Jane Martha St. John (née Hicks Beach, 1801–1882) was an early English photographer. She is remembered for her calotypes of Rome and other towns in Italy, now in the J. Paul Getty Museum and the Metropolitan Museum of Art.

St. John took over 100 photographs in the late 1850s when travelling with her husband in Italy. Her work included portraits, travel views, and scenes of the grounds of houses. The photographs of the Hotel des Étrangers in Naples and the view of the waterfront are remarkable for the period. Unlike her contemporaries, she was interested above all in capturing the scenes of her travels but her images were also carefully composed. This is particularly evident in her photograph of the Roman Colosseum with the adjacent Arch of Constantine. Her individual approach to her work makes St. John one of the more interesting amateur photographers of the mid-19th century.

==Biography==

Jane Martha St. John was born Jane Martha Hicks Beach (not as has been mistakenly reported Jane Martha Beach) on 24 July 1801 at Williamstrip Park, Coln St. Aldwyn, Gloucestershire. She was the fourth daughter of Michael Hicks Beach (1760–1830), MP for Cirencester, and Henrietta Maria Beach (1760–1837). The family was particularly wealthy as her mother inherited large estates in Wiltshire as well as Williamstrip in Gloucestershire. In his will, Henrietta's father had stipulated that Michael should take the Beach name. As a result, in 1790 the name "Hicks Beach" came into being by Royal Licence.

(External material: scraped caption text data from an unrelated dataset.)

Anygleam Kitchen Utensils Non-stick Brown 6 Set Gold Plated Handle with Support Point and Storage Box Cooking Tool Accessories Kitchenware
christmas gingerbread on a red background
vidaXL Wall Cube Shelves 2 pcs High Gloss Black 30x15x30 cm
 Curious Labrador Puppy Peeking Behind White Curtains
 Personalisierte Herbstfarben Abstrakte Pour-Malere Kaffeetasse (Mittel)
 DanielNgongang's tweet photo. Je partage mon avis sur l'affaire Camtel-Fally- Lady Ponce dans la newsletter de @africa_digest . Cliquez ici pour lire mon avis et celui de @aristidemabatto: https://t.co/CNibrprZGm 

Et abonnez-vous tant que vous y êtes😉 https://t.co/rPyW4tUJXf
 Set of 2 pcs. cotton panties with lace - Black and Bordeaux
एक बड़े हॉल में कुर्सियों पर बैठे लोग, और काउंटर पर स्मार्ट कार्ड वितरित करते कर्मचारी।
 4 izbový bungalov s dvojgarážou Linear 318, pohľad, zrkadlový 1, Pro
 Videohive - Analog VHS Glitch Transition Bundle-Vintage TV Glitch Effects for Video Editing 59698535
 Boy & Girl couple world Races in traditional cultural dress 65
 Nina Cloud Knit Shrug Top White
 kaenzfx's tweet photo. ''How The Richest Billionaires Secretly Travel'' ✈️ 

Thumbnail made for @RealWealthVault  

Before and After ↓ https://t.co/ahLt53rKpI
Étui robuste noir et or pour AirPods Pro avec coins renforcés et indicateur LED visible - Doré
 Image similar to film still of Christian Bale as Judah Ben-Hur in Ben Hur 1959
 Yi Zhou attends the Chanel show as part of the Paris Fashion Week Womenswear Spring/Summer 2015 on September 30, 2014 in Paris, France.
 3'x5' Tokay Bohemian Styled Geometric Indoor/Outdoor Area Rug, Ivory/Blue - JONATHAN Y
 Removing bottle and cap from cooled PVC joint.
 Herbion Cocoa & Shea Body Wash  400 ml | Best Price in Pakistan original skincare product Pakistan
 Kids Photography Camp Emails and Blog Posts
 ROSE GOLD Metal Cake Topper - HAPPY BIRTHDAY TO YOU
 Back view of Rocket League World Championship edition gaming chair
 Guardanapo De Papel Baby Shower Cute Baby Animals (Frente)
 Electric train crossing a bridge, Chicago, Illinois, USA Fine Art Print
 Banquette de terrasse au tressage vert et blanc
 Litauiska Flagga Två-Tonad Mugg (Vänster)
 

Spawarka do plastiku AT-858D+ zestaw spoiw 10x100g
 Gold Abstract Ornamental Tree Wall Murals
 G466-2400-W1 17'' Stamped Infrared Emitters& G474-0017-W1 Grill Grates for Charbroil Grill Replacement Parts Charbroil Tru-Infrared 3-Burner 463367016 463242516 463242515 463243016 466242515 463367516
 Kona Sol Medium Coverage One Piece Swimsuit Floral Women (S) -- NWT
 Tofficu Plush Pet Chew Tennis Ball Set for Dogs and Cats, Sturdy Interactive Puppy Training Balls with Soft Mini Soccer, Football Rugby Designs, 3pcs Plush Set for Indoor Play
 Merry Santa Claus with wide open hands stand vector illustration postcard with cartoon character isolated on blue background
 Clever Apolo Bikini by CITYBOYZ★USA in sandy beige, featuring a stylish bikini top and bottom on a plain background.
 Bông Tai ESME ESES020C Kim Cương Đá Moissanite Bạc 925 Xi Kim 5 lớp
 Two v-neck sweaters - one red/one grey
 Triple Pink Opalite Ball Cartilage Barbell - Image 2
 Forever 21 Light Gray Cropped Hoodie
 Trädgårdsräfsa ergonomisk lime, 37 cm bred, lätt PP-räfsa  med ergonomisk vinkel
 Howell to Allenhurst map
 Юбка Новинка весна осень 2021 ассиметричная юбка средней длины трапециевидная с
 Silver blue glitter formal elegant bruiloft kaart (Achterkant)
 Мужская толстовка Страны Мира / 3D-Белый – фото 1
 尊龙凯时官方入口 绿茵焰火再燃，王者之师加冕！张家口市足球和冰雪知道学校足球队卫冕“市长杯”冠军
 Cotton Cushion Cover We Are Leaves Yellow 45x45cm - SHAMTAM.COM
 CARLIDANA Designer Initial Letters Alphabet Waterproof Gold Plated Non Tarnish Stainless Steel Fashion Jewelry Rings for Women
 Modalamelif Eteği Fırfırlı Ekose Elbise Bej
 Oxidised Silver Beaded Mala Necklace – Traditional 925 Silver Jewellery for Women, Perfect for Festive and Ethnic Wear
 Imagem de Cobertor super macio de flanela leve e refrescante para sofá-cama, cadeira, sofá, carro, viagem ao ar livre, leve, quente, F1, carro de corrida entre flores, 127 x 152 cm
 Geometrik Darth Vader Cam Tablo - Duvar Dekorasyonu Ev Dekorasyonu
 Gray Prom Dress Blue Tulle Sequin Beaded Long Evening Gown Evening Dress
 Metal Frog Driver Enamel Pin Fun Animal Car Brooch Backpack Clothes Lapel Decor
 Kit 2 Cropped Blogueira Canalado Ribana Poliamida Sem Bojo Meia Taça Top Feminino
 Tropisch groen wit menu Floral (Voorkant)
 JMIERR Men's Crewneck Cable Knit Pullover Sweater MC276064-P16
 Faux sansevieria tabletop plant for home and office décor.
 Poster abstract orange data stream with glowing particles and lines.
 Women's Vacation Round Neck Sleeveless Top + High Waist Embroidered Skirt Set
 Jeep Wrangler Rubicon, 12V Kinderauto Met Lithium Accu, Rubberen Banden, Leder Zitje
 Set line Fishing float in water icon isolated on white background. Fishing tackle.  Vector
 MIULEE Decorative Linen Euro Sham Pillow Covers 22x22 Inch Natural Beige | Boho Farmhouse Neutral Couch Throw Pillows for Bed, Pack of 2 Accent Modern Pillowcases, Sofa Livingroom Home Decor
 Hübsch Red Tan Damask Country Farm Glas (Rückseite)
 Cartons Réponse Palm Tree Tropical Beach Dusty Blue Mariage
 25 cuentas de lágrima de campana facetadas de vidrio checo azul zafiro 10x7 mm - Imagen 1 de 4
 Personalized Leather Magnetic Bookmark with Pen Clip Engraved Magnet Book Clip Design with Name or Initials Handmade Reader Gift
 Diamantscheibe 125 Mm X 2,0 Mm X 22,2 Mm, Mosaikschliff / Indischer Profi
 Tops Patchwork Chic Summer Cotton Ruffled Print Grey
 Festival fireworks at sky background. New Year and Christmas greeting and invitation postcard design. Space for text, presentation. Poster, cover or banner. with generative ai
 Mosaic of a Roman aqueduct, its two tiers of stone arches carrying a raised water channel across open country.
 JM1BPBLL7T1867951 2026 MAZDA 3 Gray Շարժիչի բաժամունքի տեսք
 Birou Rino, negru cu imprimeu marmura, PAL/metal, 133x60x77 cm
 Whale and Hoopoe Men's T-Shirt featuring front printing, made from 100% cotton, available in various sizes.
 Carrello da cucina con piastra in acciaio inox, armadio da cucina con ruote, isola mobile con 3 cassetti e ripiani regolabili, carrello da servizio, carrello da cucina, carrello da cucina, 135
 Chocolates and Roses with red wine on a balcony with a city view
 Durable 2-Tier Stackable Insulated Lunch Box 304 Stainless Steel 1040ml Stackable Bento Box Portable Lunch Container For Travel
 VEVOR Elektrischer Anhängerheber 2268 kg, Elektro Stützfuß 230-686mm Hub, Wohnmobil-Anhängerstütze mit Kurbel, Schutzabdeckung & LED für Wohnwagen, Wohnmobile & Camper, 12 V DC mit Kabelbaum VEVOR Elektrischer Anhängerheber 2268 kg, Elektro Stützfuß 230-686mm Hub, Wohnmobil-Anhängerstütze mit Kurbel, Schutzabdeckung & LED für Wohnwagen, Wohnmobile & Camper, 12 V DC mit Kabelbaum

By the time Jane Martha was nine, her three sisters and two of her brothers had died. Her brother Michael, 30, was married, and her brother William, 27, was MP for Marlborough, leaving Jane as the only child at home. When Jane Martha was 14, her brother Michael died of sunstroke while on holiday, leaving her mother with a daughter-in-law she apparently disliked. Jane Martha became protective of her mother as can be seen in her correspondence to her sister-in-law at the time, tactfully suggesting that she stay away from Williamstrip.

In 1832, their uncle, Wither Bramston, died, leaving his Oakley Hall estate in Hampshire to William who went to live there with his young family. Jane may have joined them there immediately or after Henrietta's death in 1837 to keep house and look after her brother's children.

Jane Martha became acquainted with Edward William St. John, 33, the only son of the Rev. Edward St. John and his wife Mary, from Ashe Park, an adjacent estate. On 24 February 1848, Jane Martha, then 47, and Edward were married at the Hicks Beach family seat of Williamstrip. The couple lived in Oakley Cottage on the Oakley Hall estate.

In the intervening years, cousin Emma Thomasina Talbot sent Jane copies of family photos taken by her husband, the pioneering photographer John Dillwyn Llewelyn. Emma had herself taken a keen interest in photography from the beginning and assisted her husband by printing for him.

When Jane Martha acquired a camera of her own in the 1850s, she sent her photos to friends and family. Some can be seen in the album of her cousin Emma Thomasina's daughter, Emma Charlotte (1837–1929), now in the Metropolitan Museum of Art. It was not until the late 1850s that Jane made a family album of her own which she used for the photos she received from others as well as those she took herself.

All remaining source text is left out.